Anybody know if I can force carb 5 gals of RB in a keg and then bottle it (in glass bottles) without the risk of bottle bombs or losing carbonation? I want to try making rootbeer, but I don't care for the yeast taste present in a batch a friend made. I don't have room to chill 40 bottles of yeasty RB and I don't want to have to drag the keg out everytime the kids want a drink. I also think the kids would prefer the feel of glass over plastic bottles when drinking their brew. Thanks for your help.


----------



## ScottS (Jul 19, 2004)

You can, but you will need a counterpressure bottle filler to preserve the carbonation when you bottle. I hear they take a little getting used to.


----------



## mattoleriver (Sep 20, 2003)

Some folks are successful at bottling beer from a keg but I don't know if root beer would work as well, I'm assuming that root beer is more highly carbonated.

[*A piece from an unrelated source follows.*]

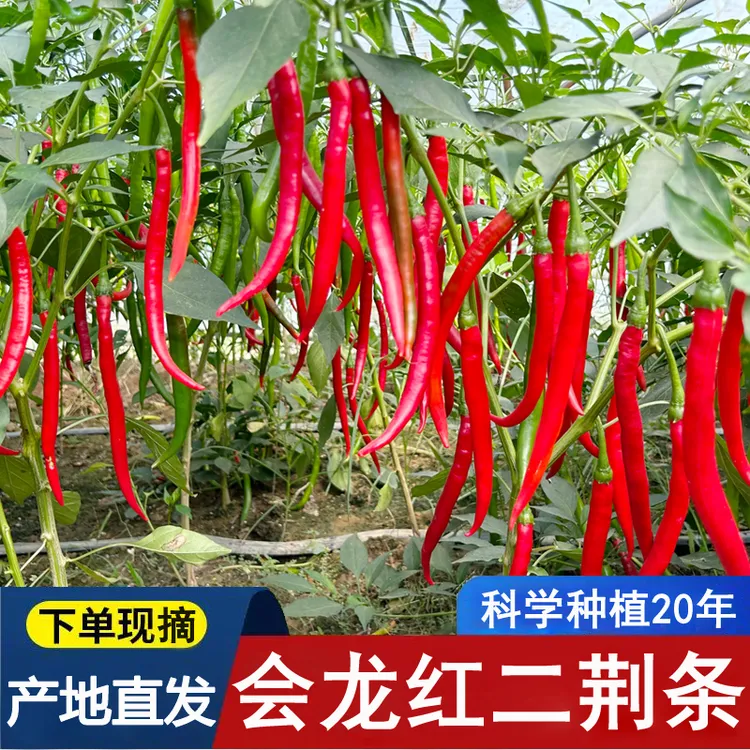 【顺丰包邮】新鲜二荆条红辣椒中辣现摘现发红线椒长线辣椒尖椒剁椒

The simplest(cheapest!)method for bottling a few beers is:
Attach a piece of hose ~12" long to your tap. This hose should be long enough to reach to the bottom of the bottle that is being filled so that the beverage will not splash into the bottle.
Chill the keg AND the bottles to just above the freezing point of the beverage. The colder it is the more CO2 stays dissolved in the beverage.
Reduce the pressure on your gas regulator to the point where it just barely pushes the beverage.
Open your tap fully to reduce foaming as you fill the bottles.
Fill the bottles to the top; when you withdraw the filler tube the fluid level in the bottles should drop to a nearly perfect level.
This method is slow but cheap. If you plan on bottling very often a counter pressure filler may be the way to go.

There are also carbonator caps that have a ball lock fitting that allow you to pressurize a plastic 2 litre pop bottle. The drawbacks are that the caps are expensive (~$12), can only be used on one bottle at a time and they can only be used on the plastic screw top bottles. They are available at many homebrew stores. 
George


----------